For rural communities battling unemployment, social challenges, aging population and a general lack of opportunity, projects like these can't come soon enough. Yet far from accelerating their delivery to promote social and economic prosperity in our rural hinterland, our governing and regulatory systems provide a constant barrier to their delivery.
In the first instance, other than the nationally-focused Government, there are few councils with the capacity to deliver rural infrastructure which will make a tangible difference to rural communities. Stripping out the big city councils of Auckland, Wellington and Christchurch, the average size of New Zealand's local councils is 30,000 residents. That's one Horowhenua. Horowhenua has an annual roading budget of $5 million, less than $200,000 of which is available to support new roads.
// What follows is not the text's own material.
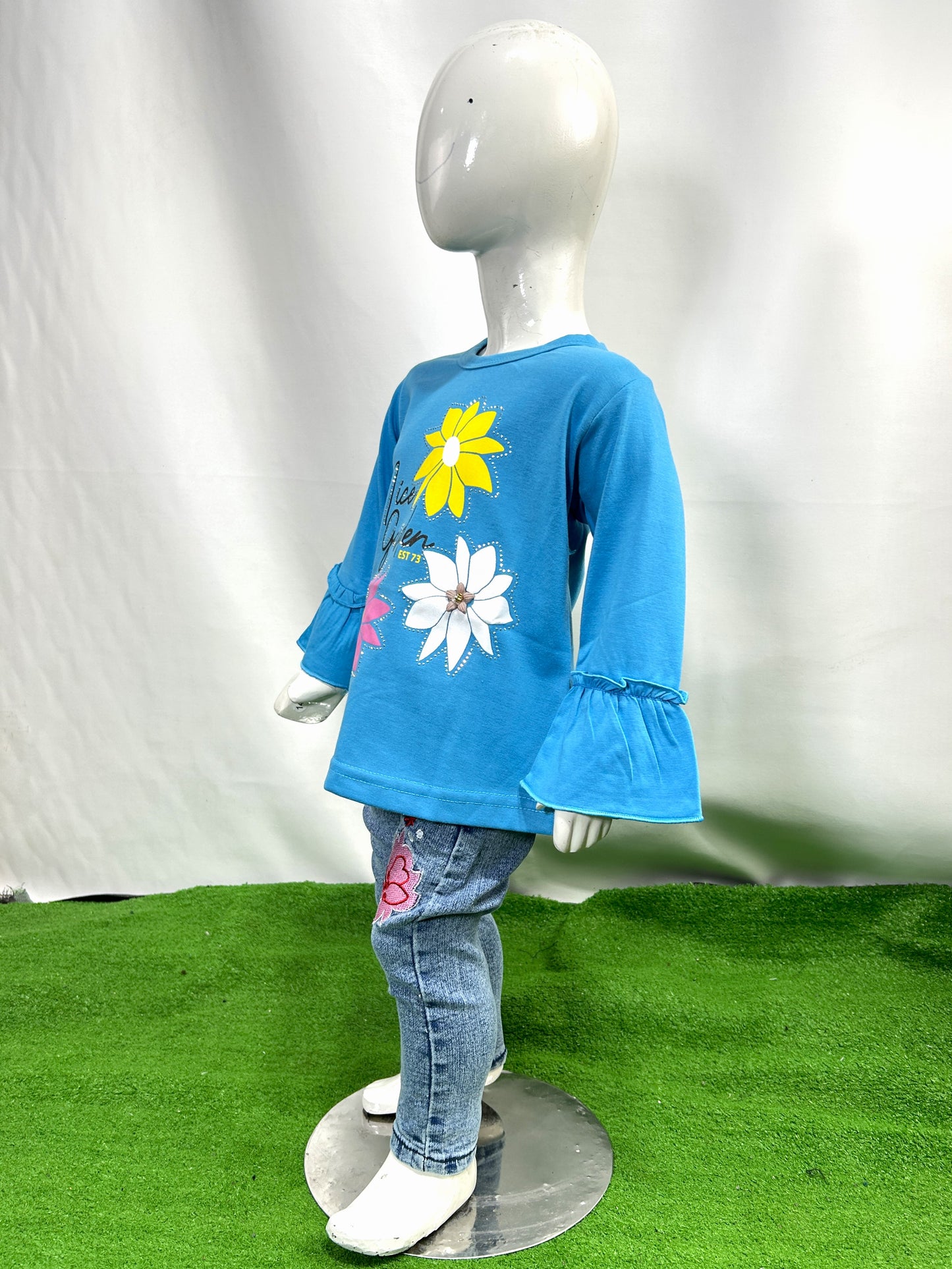 1Yrs - 4Yrs Full Sleeves Girls T-Shirt Aster Flower Blue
Local councils do not have the balance sheets, rates bases or strategic capacity to identify economic and social opportunities and realise those opportunities with targeted investment. In instances where they do, current legislation hardly supports investment to generate growth. The Local Government Act emphasises cost-effective local infrastructure for households and businesses, not strategic infrastructure to maximise economic and social opportunities.
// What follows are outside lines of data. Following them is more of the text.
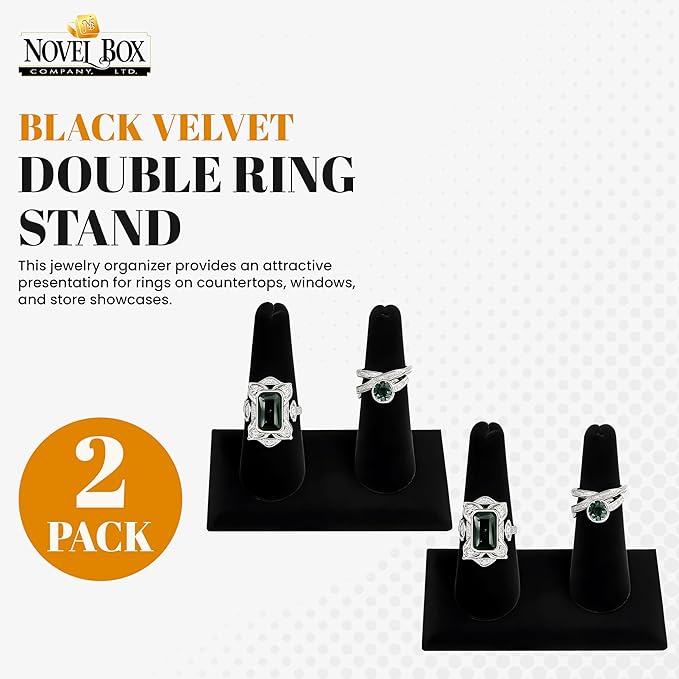 Novel Box 2 Pack Black Velvet Jewelry Double Ring Finger Display Stand 3 5/8 L x 2 1/8 D x2 1/4 H Inches with Square Base - Ring Holder Stand for Selling or Personal Use - Display Stand for Rings
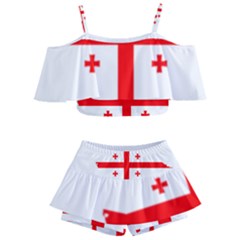 Borders Country Flag Geography Map Kids  Off Shoulder Skirt Bikini by Sapixe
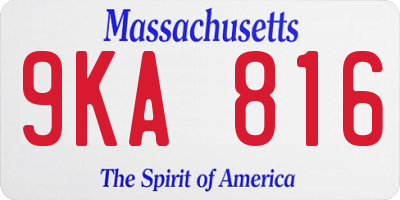 MA license plate 9KA816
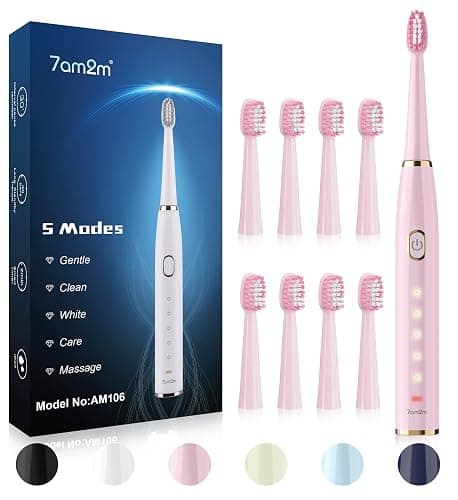 7AM2M Sonic Electric Toothbrush for Adults and Kids High Power Rechargeable | 8 Brush Heads,5 Adjustable Modes, Built-in 2-Minute Smart Timer,4 Hours Fast Charge for 30 Days(Pink) - Image 1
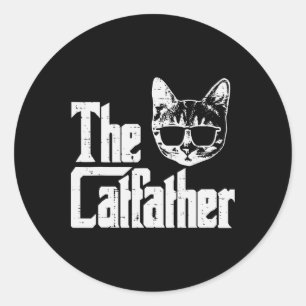 The Catvater Funny Cat Vater Vathers Day Movie Puf Runder Aufkleber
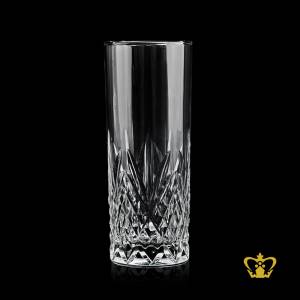 Elegant-crystal-tumbler-tall-highball-glass-with-intense-leaf-and-diamond-cut-pattern-11-oz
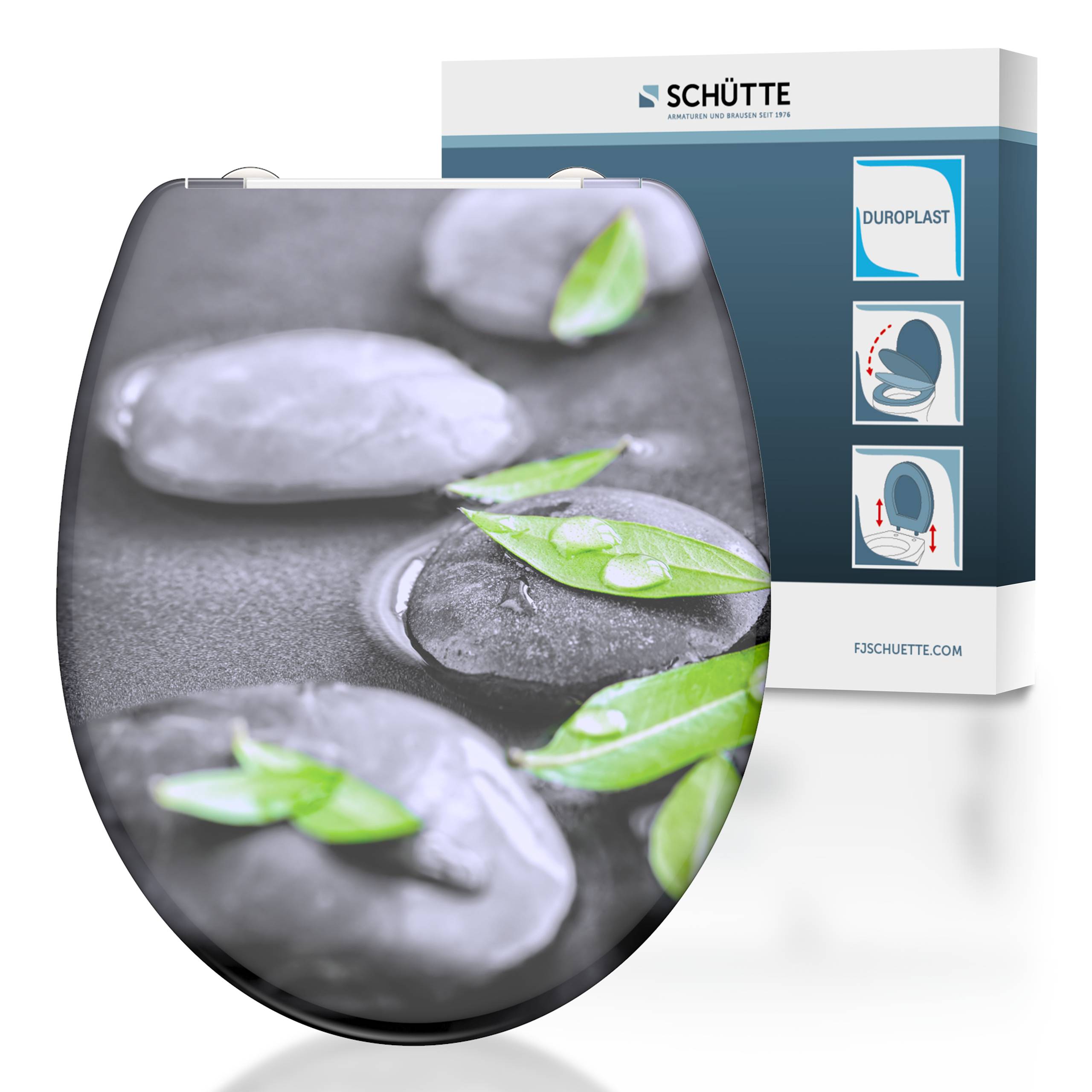 Duroplast WC-Sitz STONE, mit Absenkautomatik und Schnellverschluss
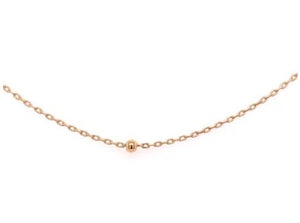 9kt YG Italian Oval Link Chain 1.3mm wide with Gold Beads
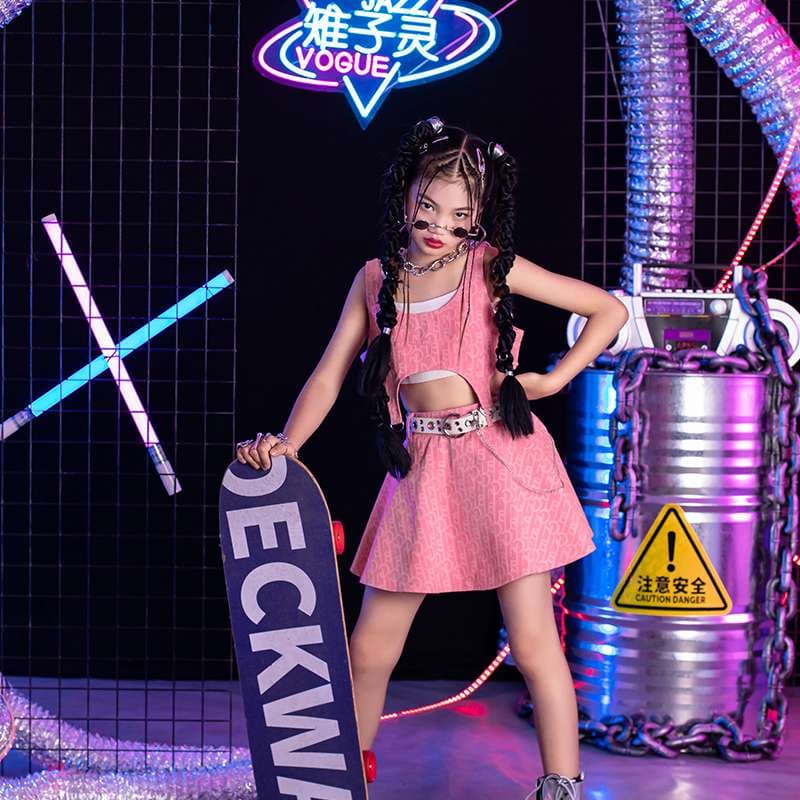 ダンス衣装 ヘアクリップ付き キッズツーピースセット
This places the overwhelming majority of reliance on central government to provide the investment needed to grow rural economies. Here, the small size of councils acts as a double whammy against rural communities. The shouts for more Government money in consolidated cities like Auckland and Christchurch is many times louder than anything a local mayor of 10,000 residents can muster. As a consequence, taxpayer money heads towards the big centres, further increasing their opportunities and attraction relative to the provinces.
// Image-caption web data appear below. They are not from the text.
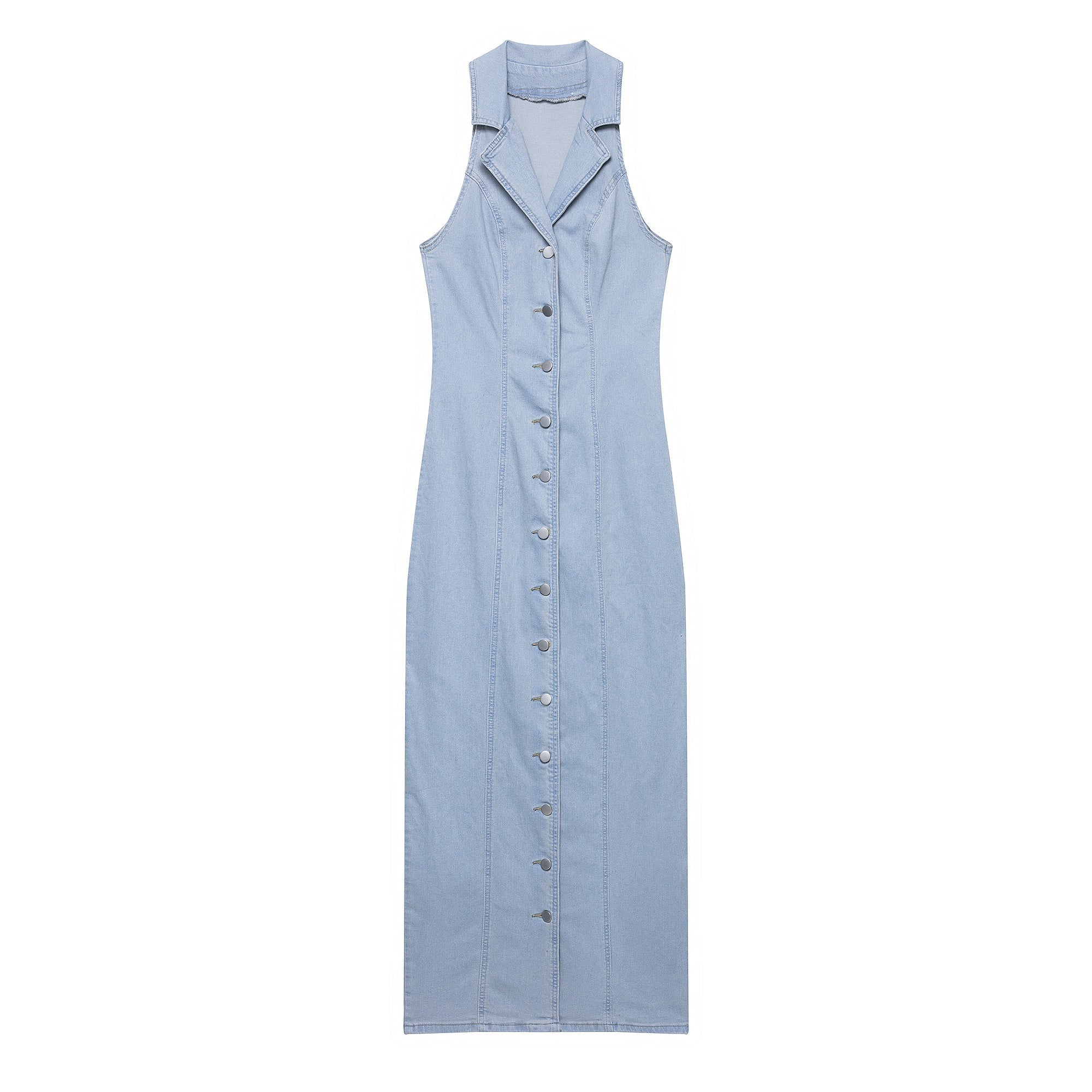 Women Clothing Early Spring Light Blue Sexy Button Denim Long Dress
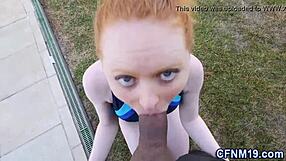 cfnm redhead teen gets monster cock cum dump outdoors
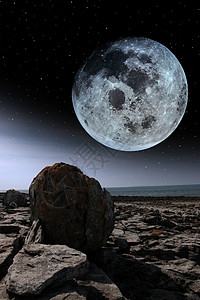 月球巨石满月和巨石 在岩石布伦风景中背景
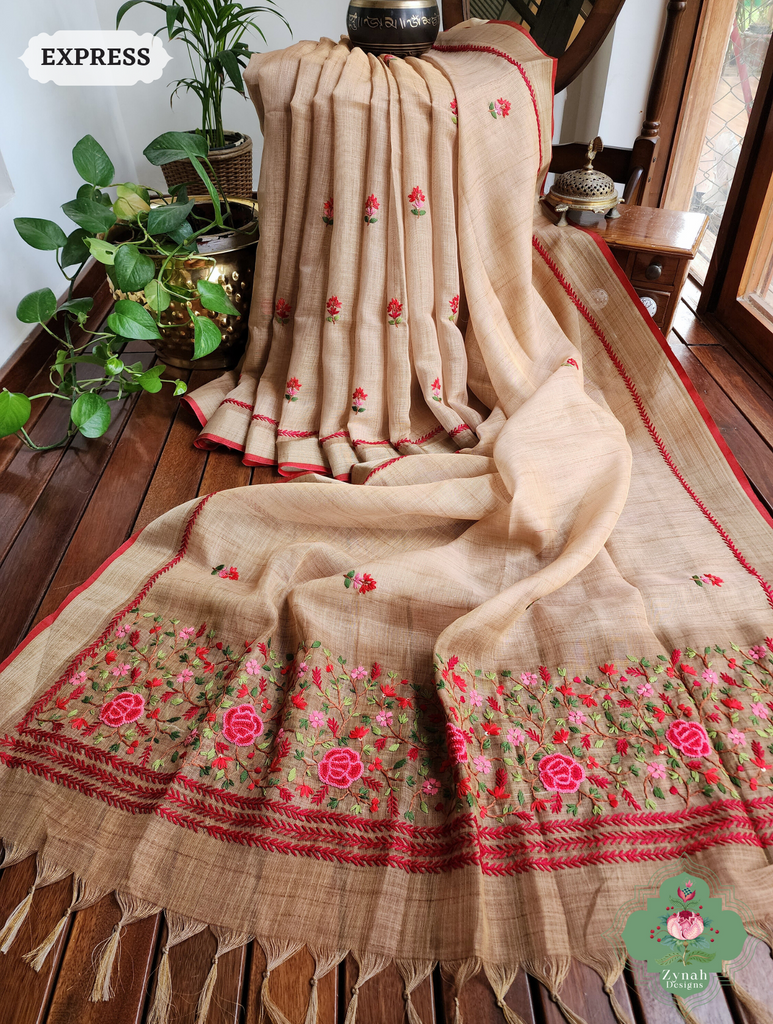 Yellow Linen Tissue Saree With Frenchknot Hand Embroidery 5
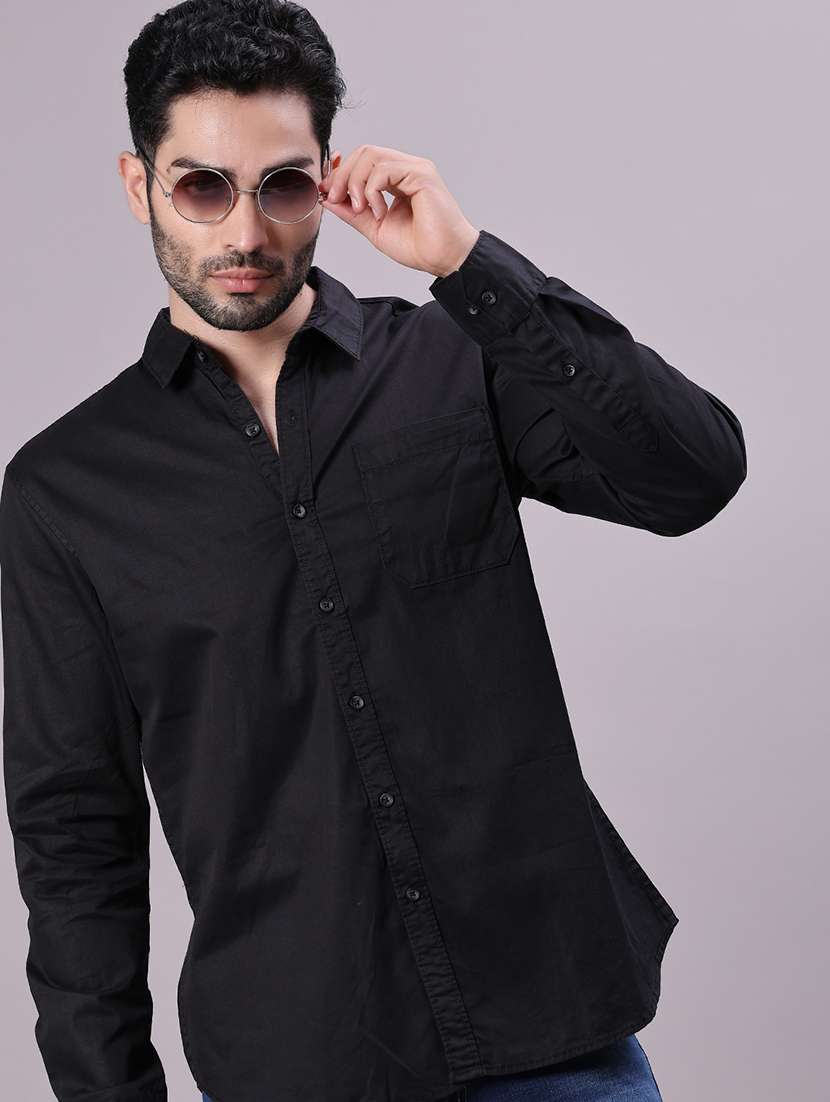 men solid long sleeve regualr fit casual shirt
When central government or councils do rally the momentum needed to deliver rural infrastructure investment, proponents come up against the Resource Management Act. The RMA is set up to manage negative effects and provides every opportunity to oppose investment while economic and social uplift takes a back seat.
This not only slows infrastructure investment, deferring jobs and opportunity to a later generation, it increases risks to investors. Higher risk demands higher returns and, as a direct result, many viable projects which could materially improve the lot of rural communities never get out of the starting blocks.
What's needed is a fully integrated planning, governance, funding, regulation, delivery, and resource management system that will drive regional social and economic development, improve environmental outcomes and strengthen local democracy and community engagement. More importantly, councils will need the resources and incentives to go for growth.
Change of this kind requires participation by all New Zealanders. It cannot be led by councils themselves or any single government department. NZCID therefore considers that an independent Royal Commission into local government and planning law reform in New Zealand is needed.
The commission would undertake a first principles consultative review of the planning framework and the purpose, structure and funding of local government in New Zealand. It would report back to Parliament and provide recommendations on a preferred option.
If the rural community was to get behind such an initiative there would be a huge opportunity to drive changes to legislation and local government which better support productive rural infrastructure and growth.